Snyders highlights the group’s focus on its capital allocation and risk management strategy:”We continue to be prudent in allocating balance sheet capacity. With sufficient liquidity and remaining well within bank covenants, we have reported a loan-to-value of 23.87% (31 December 2020: 20.51%). Our interest cover ratio is healthy at 3.09 times, with 75.8% of the interest rate exposure being hedged.”.

Snyders says the company has successfully refinanced R500 million of term debt, which expired at the end of October 2021, for a further five-year term adding an additional R100 million term debt to fund any long-term capital commitments. A further R850million in term debt is up for refinancing in the third quarter of 2022.

Our Board is satisfied with our capital management efforts and that L2D will remain solvent and liquid, with a core business that is sustainable. With that, the L2D Board has declared a final dividend of 18.31 cents for the second half of the 2021 financial year, bringing the total distribution declared to 34.10 cents per share for the year ended 31 December 2021“.

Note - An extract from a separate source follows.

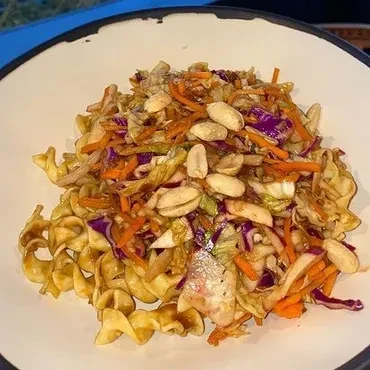 Colorful pasta dish with shredded vegetables and roasted peanuts in a bowl.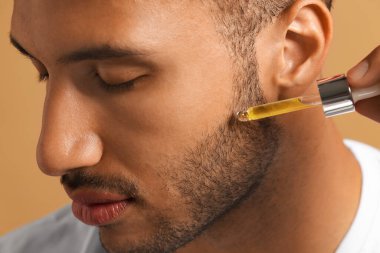 Yüzüne kozmetik serumu süren yakışıklı bir adam.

The operational performance of the retail portfolio is encouraging, supported by quality assets which have shown their resilience which should underpin strong demand for L2D space and further improvement in turnover. However, uncertainty in the trading environment as well as the fragility of the South African socioeconomic environment is likely to continue to put pressure on certain categories of tenants. The strain in the office rental and hospitality sectors, together with negative rental reversions, is likely to slow our return to pre-pandemic levels of distributable income“, he concluded.